Les Alpes, menu copieux
Une fois sortis de l'enfer du Nord, les coureurs passeront par Longwy et son arrivée pour puncheurs, puis la "Super" Planche des Belles Filles (7e étape), rallongée d'un kilomètre supplémentaire, comme en 2019. A partir de là, les coureurs ne débrancheront plus jusqu'à la 14e étape à Saint-Etienne, au mieux. "A partir de là, il n’y aura pas de journée tranquille. Même l’arrivée le lendemain à Lausanne, il faudra passer le Jura. Il me semble quand même très montagneux ce Tour", confirme Laurent Jalabert.
Limitées à deux étapes et pas d'arrivée au sommet en 2021, les Alpes auront cette fois la part belle avec un passage en Suisse. "La première étape dans les Alpes n’est pas insurmontable. Entre Aigle et Châtel (9e étape), ce sont des cols assez roulants qui ne devraient pas créer d’écarts significatifs. Entre Morzine et Megève (10e étape), il faudra repartir de la première journée de repos. Il y a ensuite deux grosses journées qui se suivent : lors de la 11e étape, l'enchaînement Lautaret-Galibier c’est un morceau, puis finir par le col du Granon, où le Tour n’est arrivé qu’une fois, et qui est très dur", continue Jalabert.
Aventurier du bitume dans l'âme, le sélectionneur national déplore, lui, un tracé alpestre peut-être pas assez sélectif. "C’est mon avis, mais ça manque d’une étape encore plus dure en montagne, il manque un col de plus", analyse-t-il, ajoutant que cette inversion des massifs pourrait profiter au scénario de course. "Ca peut ouvrir le jeu. Quand on a vraiment le gros paquet à la fin, on sait que c’est là que ça va se jouer. En faisant comme ça, ce sera peut-être plus spectaculaire dans le deuxième massif montagneux, car ça fera office de rattrapage, sachant qu’il y aura une semaine d’écart entre les deux."
Une transition délicate dans le Massif Central
Une fois le gros morceau alpestre avalé, la digestion n'aura rien d'une longue sieste tranquille pour le peloton. Les étapes qui arrivent à Saint-Etienne (13e étape), Mende (14e étape) et Foix (15e étape) ont tout des allures de fausses étapes de "repos" avant les Pyrénées. "A la sortie des trois étapes alpestres, les jambes vont être flagadas, ce ne sera pas facile. Lors de l’arrivée à Saint-Etienne en 2019 où Thibaut Pinot et Julian Alaphilippe attaquent dans le final, c’était certainement l'étape la plus dure de ce Tour.

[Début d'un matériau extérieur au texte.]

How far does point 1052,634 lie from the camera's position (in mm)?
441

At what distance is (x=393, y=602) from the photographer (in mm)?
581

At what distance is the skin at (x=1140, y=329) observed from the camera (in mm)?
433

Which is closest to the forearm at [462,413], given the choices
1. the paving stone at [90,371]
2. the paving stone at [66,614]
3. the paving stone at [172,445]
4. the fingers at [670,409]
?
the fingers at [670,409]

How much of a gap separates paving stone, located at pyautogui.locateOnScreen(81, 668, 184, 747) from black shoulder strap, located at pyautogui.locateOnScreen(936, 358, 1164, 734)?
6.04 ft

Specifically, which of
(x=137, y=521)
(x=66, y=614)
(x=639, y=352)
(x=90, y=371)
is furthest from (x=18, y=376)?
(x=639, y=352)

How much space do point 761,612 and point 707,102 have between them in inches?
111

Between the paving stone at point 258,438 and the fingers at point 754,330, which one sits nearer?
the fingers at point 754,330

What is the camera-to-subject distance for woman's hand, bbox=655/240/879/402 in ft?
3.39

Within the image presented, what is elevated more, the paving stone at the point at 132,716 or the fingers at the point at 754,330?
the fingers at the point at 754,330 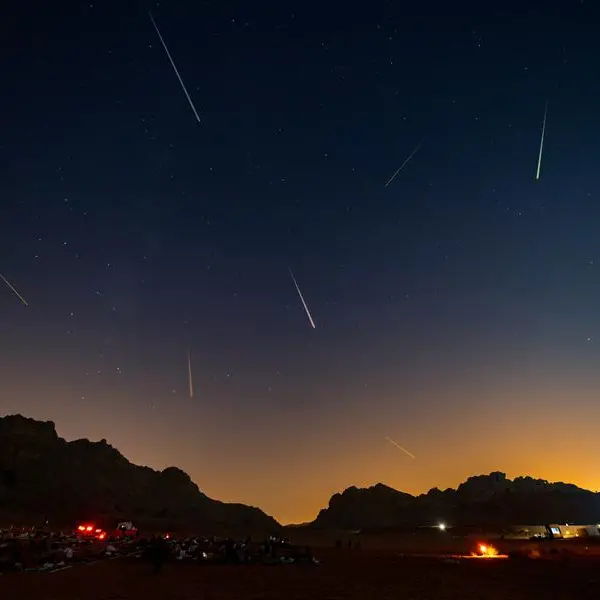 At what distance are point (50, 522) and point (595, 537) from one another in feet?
413

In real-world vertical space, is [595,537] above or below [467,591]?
above

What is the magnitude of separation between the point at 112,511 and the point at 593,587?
185 metres

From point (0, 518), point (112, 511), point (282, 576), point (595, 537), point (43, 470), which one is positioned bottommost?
point (282, 576)

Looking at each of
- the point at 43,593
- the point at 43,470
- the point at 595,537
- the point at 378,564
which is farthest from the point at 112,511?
the point at 43,593

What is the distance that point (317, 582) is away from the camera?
3325cm

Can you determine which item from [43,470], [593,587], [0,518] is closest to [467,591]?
[593,587]

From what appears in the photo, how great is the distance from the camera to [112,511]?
621ft

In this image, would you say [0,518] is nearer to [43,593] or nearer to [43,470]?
[43,470]

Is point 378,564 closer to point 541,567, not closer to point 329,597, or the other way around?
point 541,567

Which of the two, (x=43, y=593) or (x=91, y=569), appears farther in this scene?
(x=91, y=569)

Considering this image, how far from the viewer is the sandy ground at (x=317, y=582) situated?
27.2 meters

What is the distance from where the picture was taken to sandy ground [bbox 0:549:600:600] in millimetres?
27234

Ils avaient la langue qui touchait le boyau ! Quand tu as le réservoir un peu vide en sortant des Alpes, ça peut faire très très mal. Ça arrive après trois étapes très difficiles : sur ces terrains cabossés, il n’y aura pas le loisir de se refaire la santé", prévient Jalabert, dont la montée finale à Mende porte son nom.
De quoi user les organismes et surtout les équipes de favoris, sans doute beaucoup sollicitées dans les Alpes. "Pour l’instant, je ne vois que quelques étapes plus calmes : la dernière au Danemark (3e étape), l’arrivée à Calais (4e), peut-être à Longwy (6e), et Carcassonne la veille du repos (15e). Les vrais jours de repos, ce seront les journées de repos !", s'avance le double meilleur grimpeur du Tour en 2001 et 2002.

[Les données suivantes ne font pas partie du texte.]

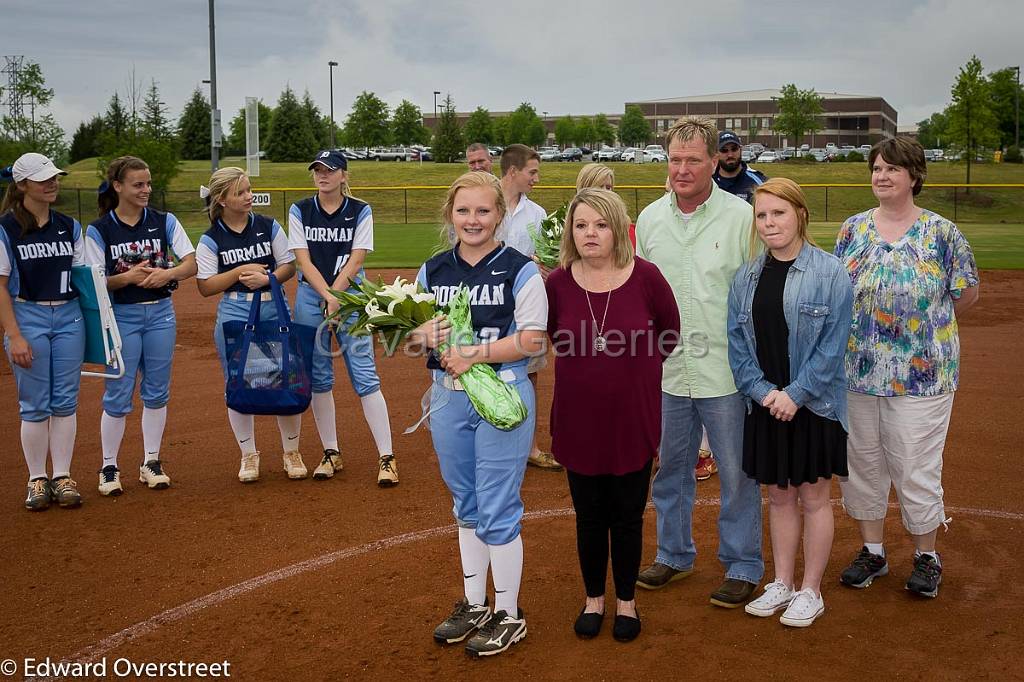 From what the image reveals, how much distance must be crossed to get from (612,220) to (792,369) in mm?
1163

Un feu d'artifice pyrénéen pour finir
Enfin, comme en 2019, le Tour en finira avec la montagne par deux arrivées au sommet avant le chrono final à Rocamadour. Le Col du Portet et Luz-Ardiden laissent leur place à Peyragudes et Hautacam. Pas sûr que les coureurs y gagnent au change. "Dans les Pyrénées, ça va être costaud : l'enchaînement Aspin (même s’ils ont refait le bitume), Hourquette d'Ancizan, col d’Azet puis Peyragudes au lieu de conclure au Peyresourde. Ce qui est dur, c'est qu’il n’y a pas de vallée, c’est un enchaînement de montées-descentes, avant un sommet final exigeant", détaille Laurent Jalabert.
De quoi conclure en beauté cette édition 2022, dont Tadej Pogacar, double tenant du titre, est, à l'heure actuelle, le grand favori : "Il va falloir savoir tout faire pour gagner ce Tour : il y a des pavés, sans doute des bordures dès le deuxième jour, 53 km de chrono, et bien sûr de la montagne. Il faut que le coureur qui gagne soit polyvalent", conclut Thomas Voeckler.